Une accumulation d'infractions
Cette décision fait suite à l'expulsion d'Almeyda lors du match nul (1-1) contre Alavés. Le technicien argentin avait vivement contesté une décision de l'arbitre Iosu Galech avant de refuser de quitter le bord de terrain. La sanction, détaillée par la presse espagnole, se décompose en plusieurs motifs : deux matches pour protestation, un pour non-respect de l'expulsion, trois pour attitude désobligeante répétée et un dernier pour conduite désordonnée.
Une absence qui tombe au pire moment pour Séville
Cette suspension prive le banc sévillan de son leader pour une période clé.
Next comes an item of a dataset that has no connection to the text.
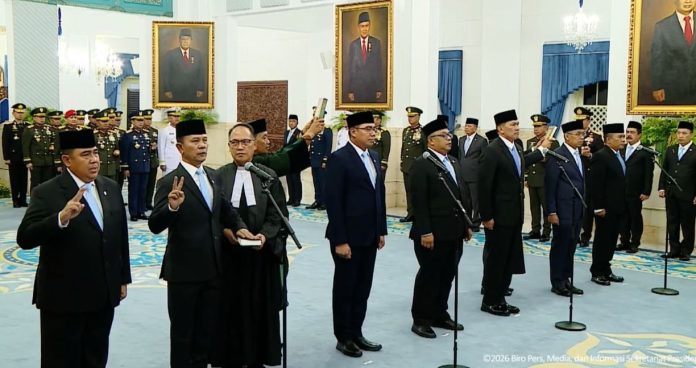 Prabowo Reshuffle Kabinet ke-8, Lantik 9 Pejabat Baru pada 15 Oktober 2026 Prabowo Reshuffle Kabinet ke-8, Lantik 9 Pejabat Baru pada 15 Oktober 2026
Almeyda manquera des chocs cruciaux contre le Betis, le Barça ou l'Atlético de Madrid. Son retour n'est théoriquement prévu que le 22 avril face à Levante. Dans l'intervalle, son adjoint Omar Zarif devrait assurer l'intérim.
La situation est critique pour le club andalou, actuellement treizième de Liga et seulement deux petits points au-dessus de la zone de relégation. L'absence de son entraîneur pour la moitié des quatorze matches restants complique sérieusement la mission de maintien.
Des suspensions qui s'accumulent
L'équipe devra aussi composer sans deux joueurs importants. Juanlu Sanchez, expulsé lors du même match, écope d'un match de suspension. Le milieu Joan Jordan, présent sur le banc et également exclu, manquera la rencontre à Getafe et le derby au Benito Villamarín.
Cette sanction record pour un entraîneur rappelle celle subie par Diego Simeone en 2014. Le « Cholo » avait alors été suspendu pour huit matches après la Supercoupe d'Espagne. Le message des instances disciplinaires est clair : elles entendent durcir le ton face aux comportements excessifs sur les bancs.